Une décennie déjà qu’il pourrit nos chaudes soirées, et qu’on le traque au quotidien. En cet été 2022, on célèbre un drôle d’anniversaire : les dix ans de la découverte du premier tigre moustique un Toulouse. Le nocif en effet montré patte blanche pour la première fois dans la Ville rose en 2012, huit ans après sa première apparition en France métropolitaine, du côté de Menton (Alpes-Maritimes). , outre le Sud, il a colonisé la quasi-totalité de la France : « Après le Morbihan l’an dernier, les grosses chaleurs en Bretagne cet été devait le pousser jusqu’au Finistère », prévient déjà Jean-Sébastien Dehecq, entomologiste médical et ingénieur sanitaire à l’ARS Occitanie.

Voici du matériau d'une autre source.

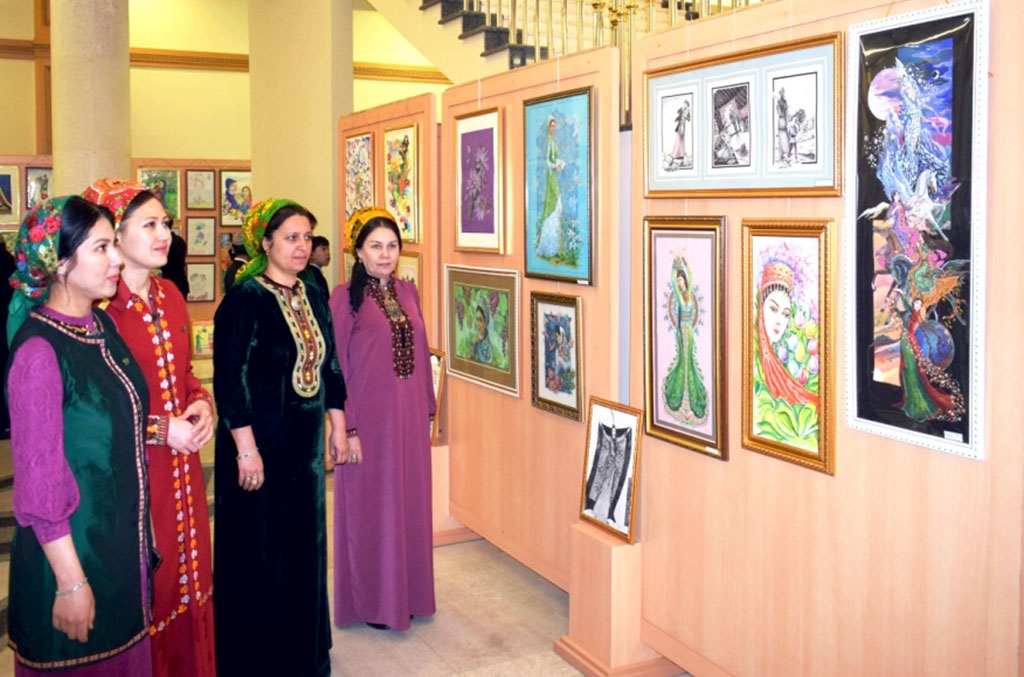 Daşoguzda zenanlara bagyşlanan  sergi açyldy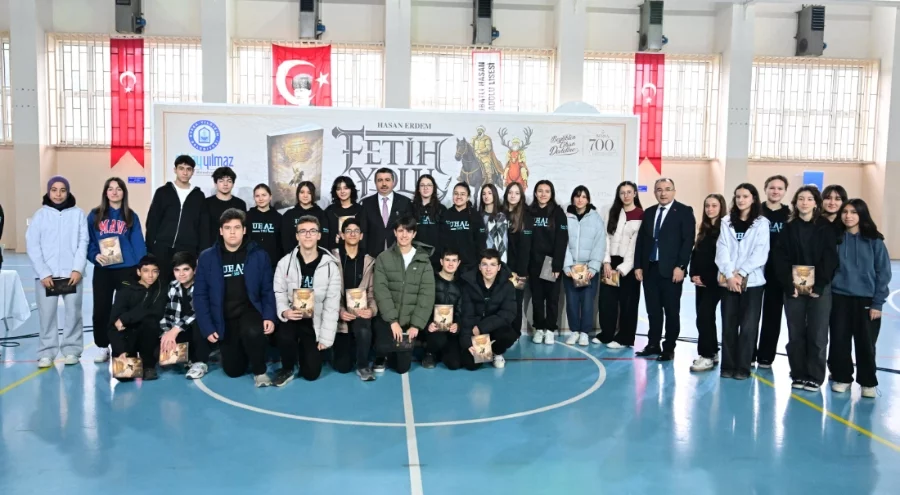 Yıldırım Belediyesi 'Fethin' kitabını yazdı
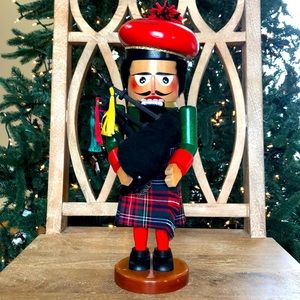 Steinbach Volkskunst Bagpiper Nutcracker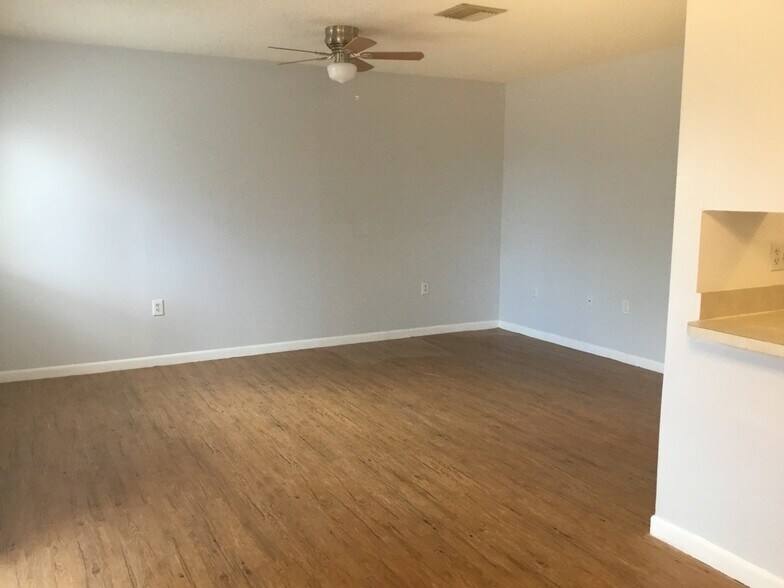 Building Photo - 292 San Juan Cir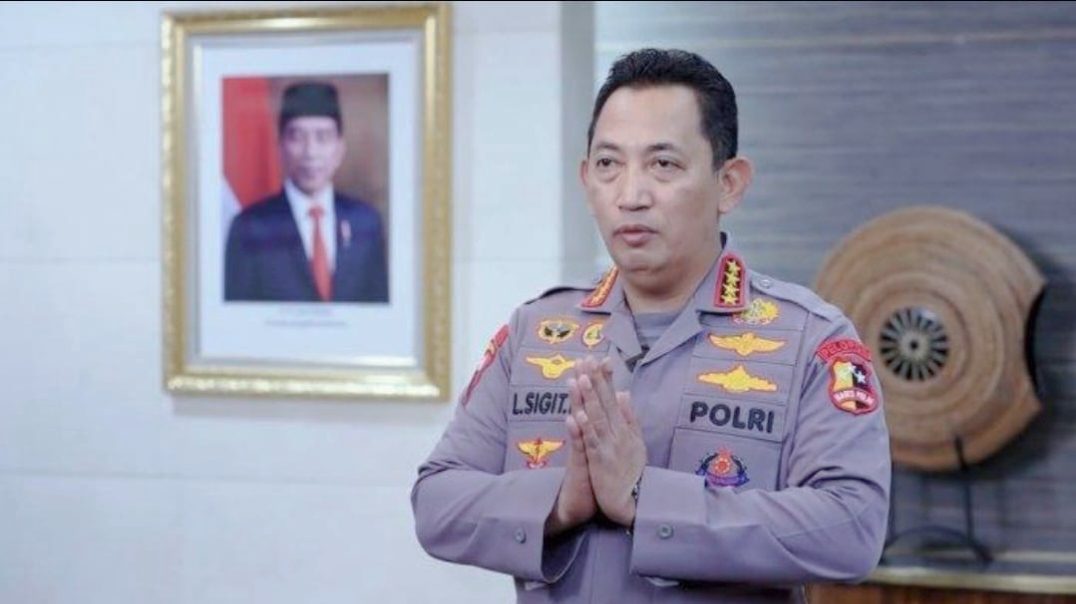 Kapolri Ucapkan Selamat Natal dan Tahun Baru, Rayakan Penuh Kedamaian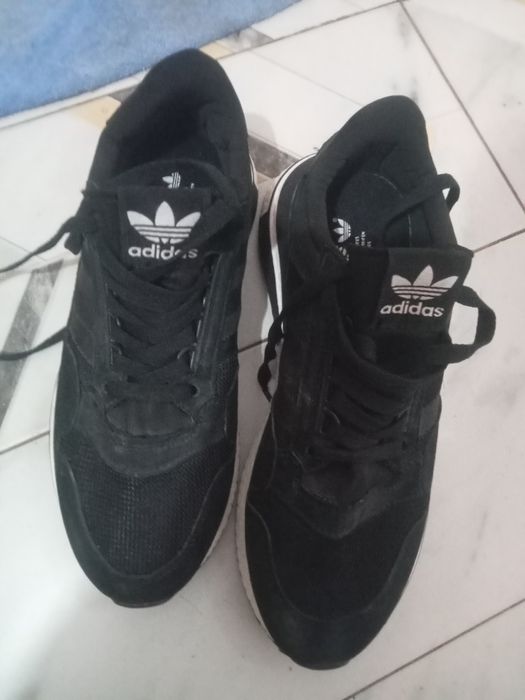 Продам кроссовки Адидас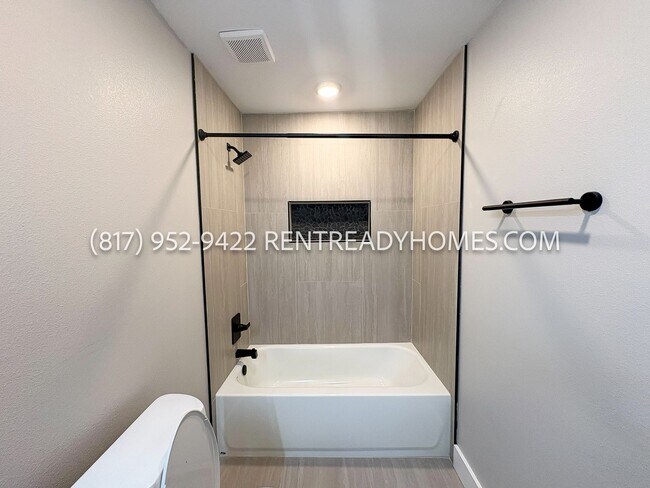 Building Photo - 7810 Birchbark Dr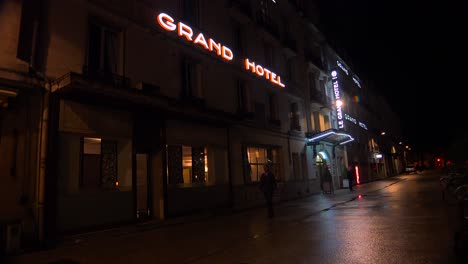 Un-Letrero-De-Neón-Anunciaba-El-Gran-Hotel-En-Una-Lluviosa-Ciudad-Francesa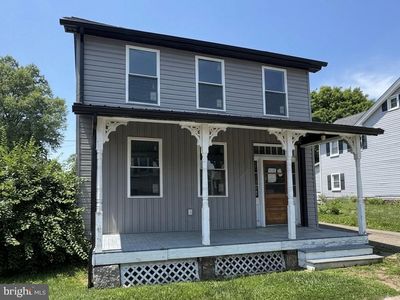 20 N Walnut St
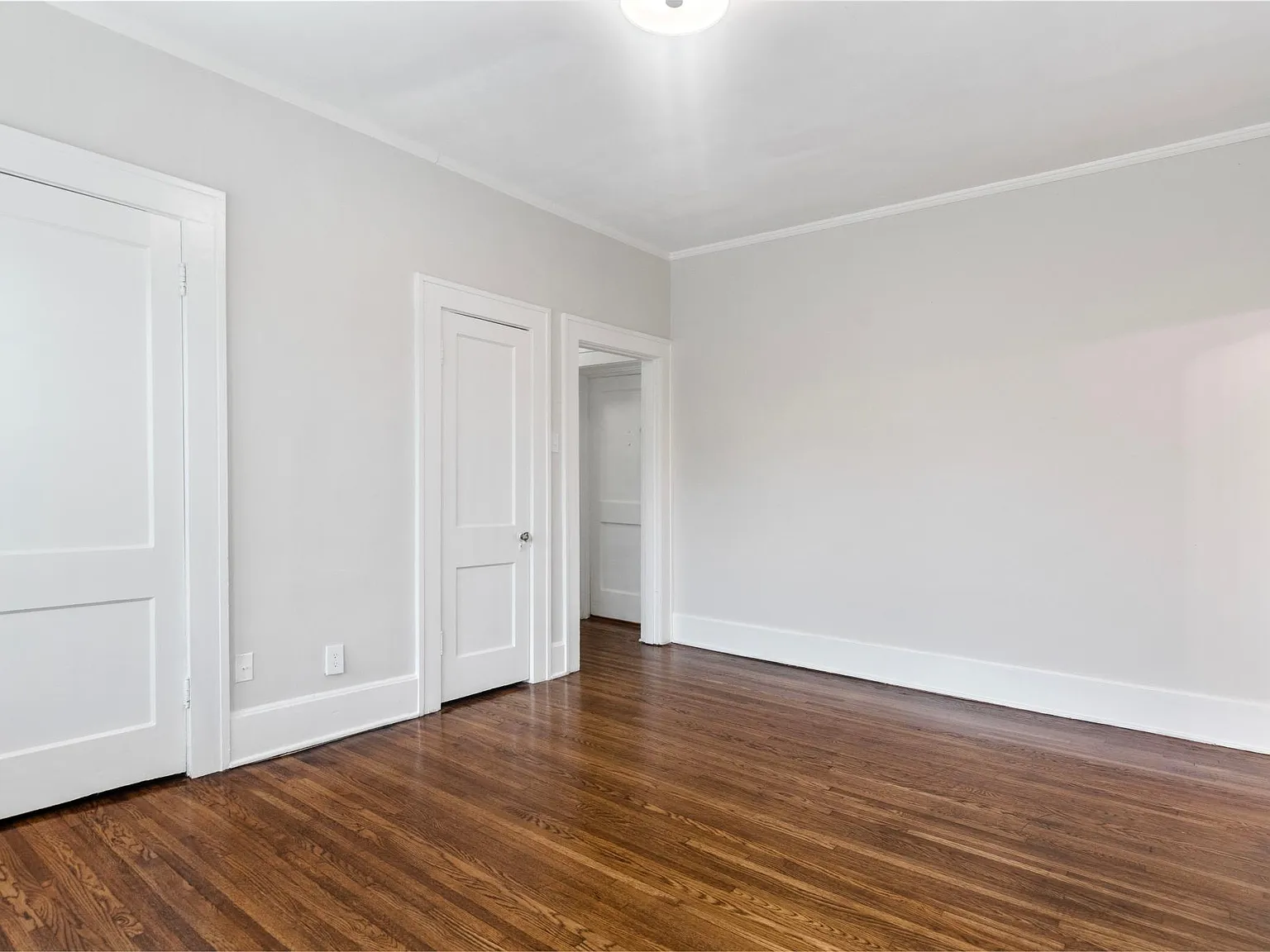 Studio, 550 sqft, $899 — Photo 4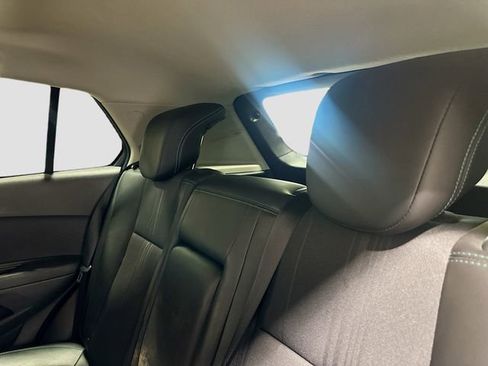 Used 2016 Chevrolet Trax LT w/ LT Convenience Package image 24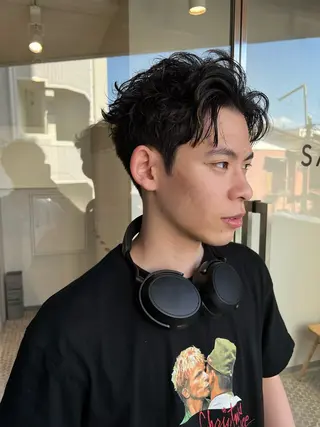 ショート パーマ メンズ 樋野 亮のヘアスタイル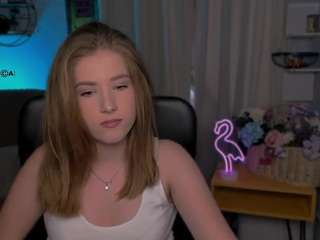 little-pam live webcam show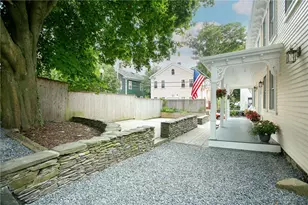 43 Farewell St, Newport, RI 02840 - Photo 20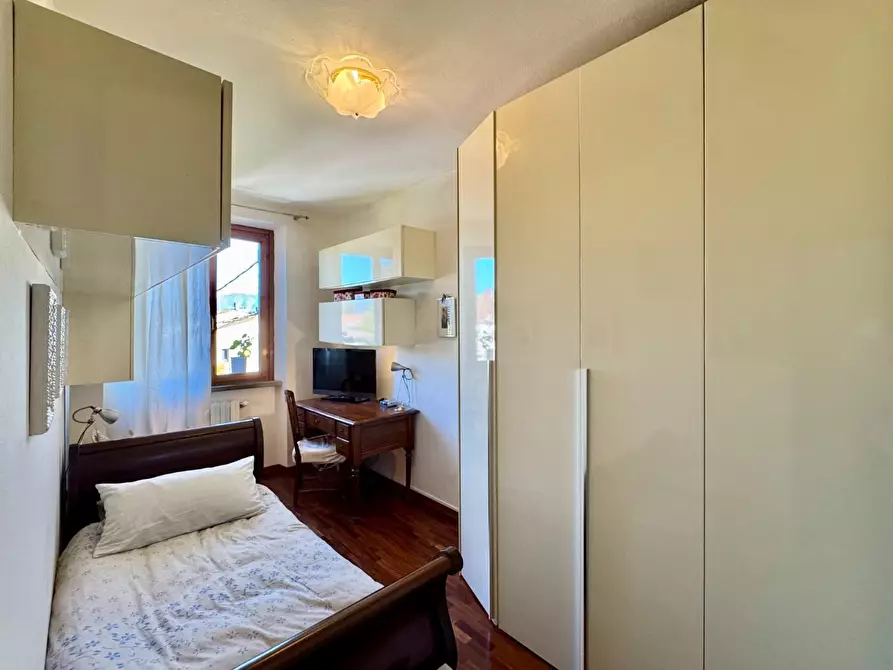 Immagine 36 di Appartamento in vendita  a Lucca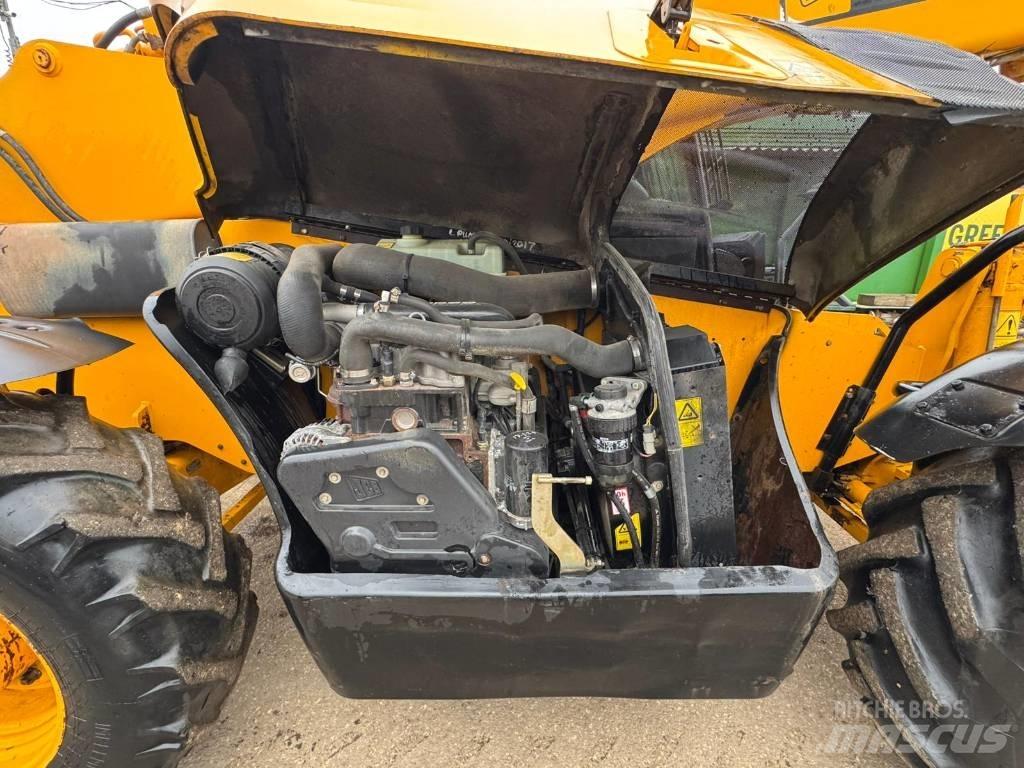 JCB 535-125 Телескопічні навантажувачі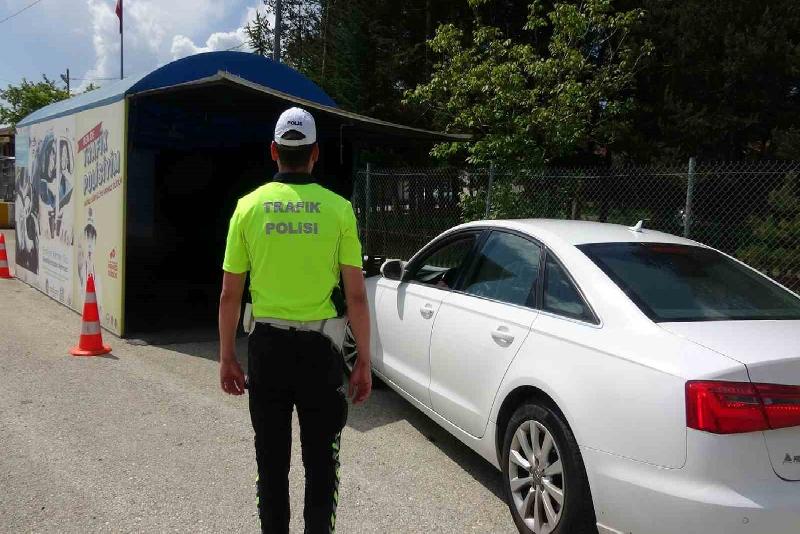 Bolu İl Emniyet Müdürlüğü Bölge Trafik Denetleme Şube Müdürlüğü ekipleri,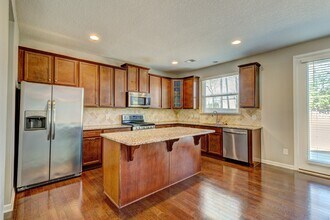 2024 Middleton Farm Dr in Belmont, NC - Building Photo - Building Photo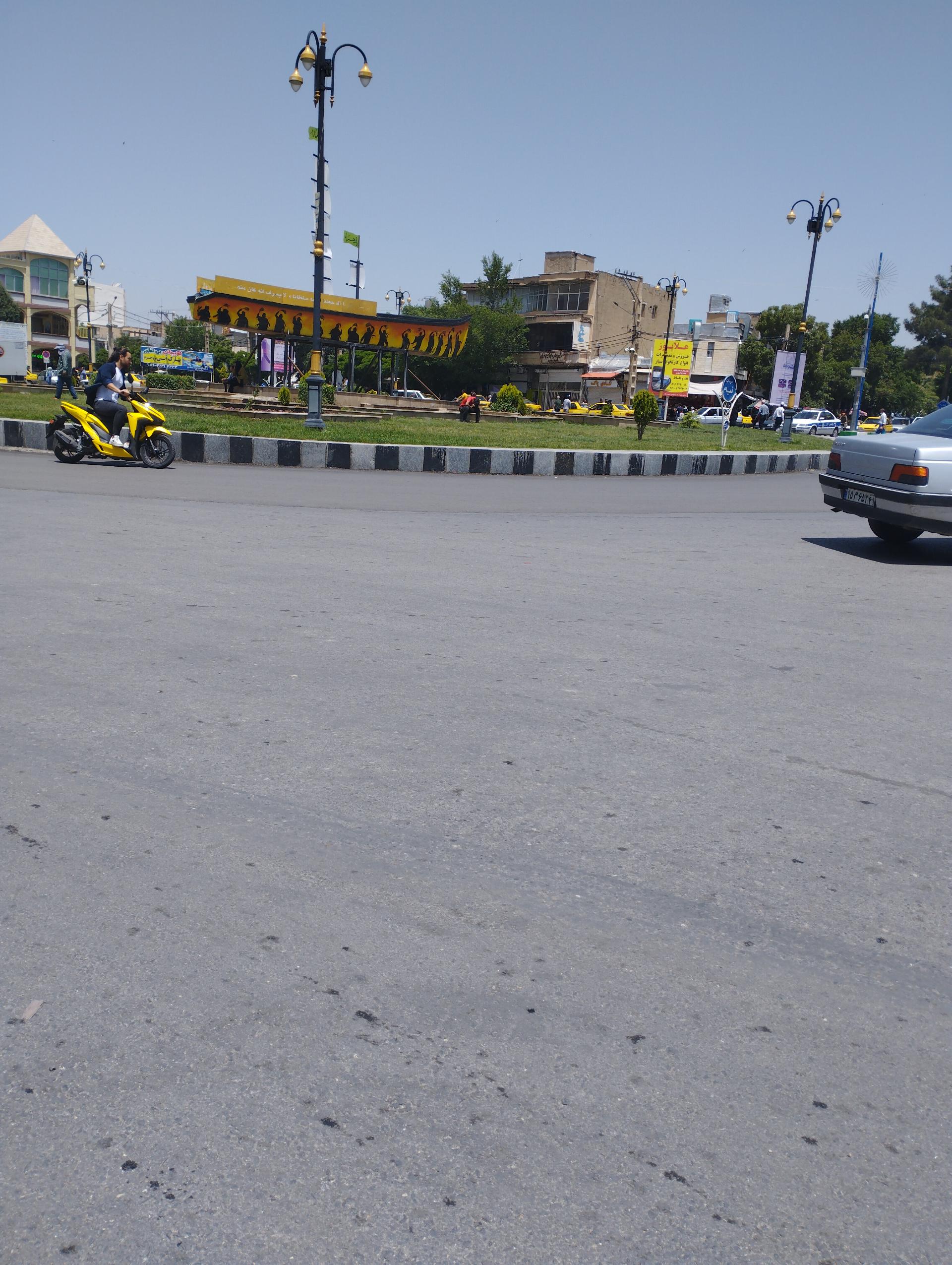 عکس میدان قیام(رازان)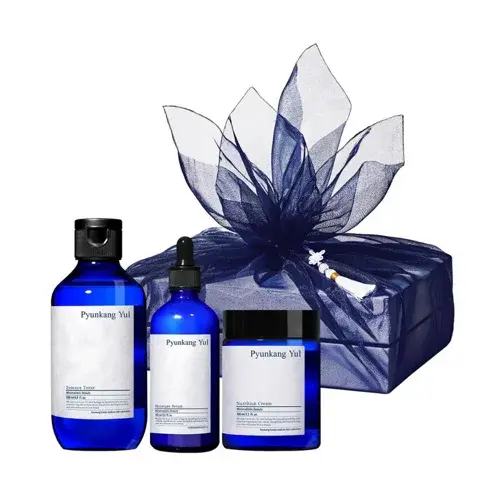 Pyunkang Yul - Basic Line Gift Set - Essence Toner 200 ml + Moisture Serum 100 ml + Nutrition Cream ml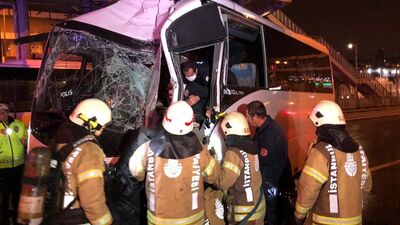 Polisleri taşıyan araç kaza yaptı: 3 polis ağır yaralı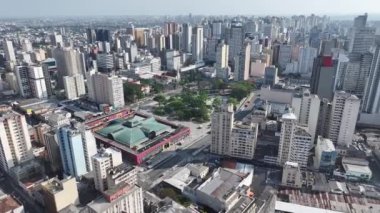 Curitiba Brezilya. Parana Brezilya Curitiba Belediye Pazarı. Turizm Seyahati. Şehir merkezinde. Şehir manzarası arka planı. Parana Brezilya Curitiba Belediye Pazarı. Turistik Çekim.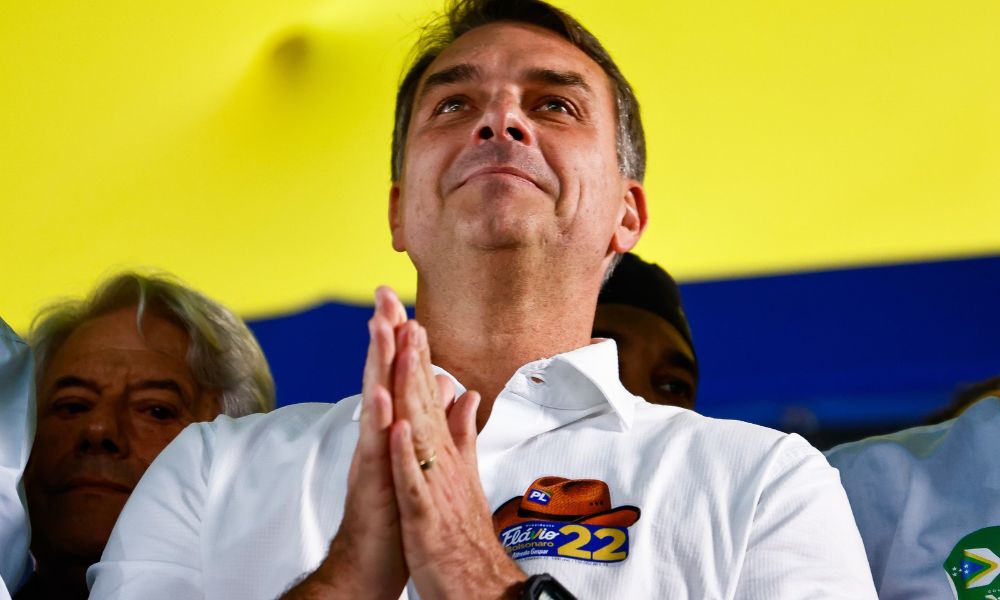 Governadores eleitos do Sul vão acompanhar Flávio Bolsonaro no debate da Globo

Avec une piqûre de rappel à la clé : une fois qu’il est là, il y reste.

« Dans le Top 5 des plus pénibles au monde »

« On a tenté de lutter contre, mais c’est une des espèces de moustiques les plus envahissantes au monde », appuie Grégory L’Ambert, entomologiste médical à l’EID (Entente interdépartementale pour la démoustication) Méditerranée.

“Sur 3 500 espèces de moustiques, il est dans le Top 5 des plus pénibles”.

Grégory L’AmbertEntomologiste médical à l’EID Méditerranée

À Toulouse comme ailleurs, le schéma d’implantation de la moustique tigre est le même : après son introduction, sa présence « monte en puissance, jusqu’à atteindre un palier. Comme ce sont des parasites, ce n’est pas une espèce qui va se réguler elle-même. Si vous mettez 500 seaux d’eau dans le jardin, vous aurez probablement des larves dans les 500, et vous aurez alors créé un insectarium géant », prévient Grégory L’Ambert, qui dispense aussi ses conseils pour lutter contre sa prolifération.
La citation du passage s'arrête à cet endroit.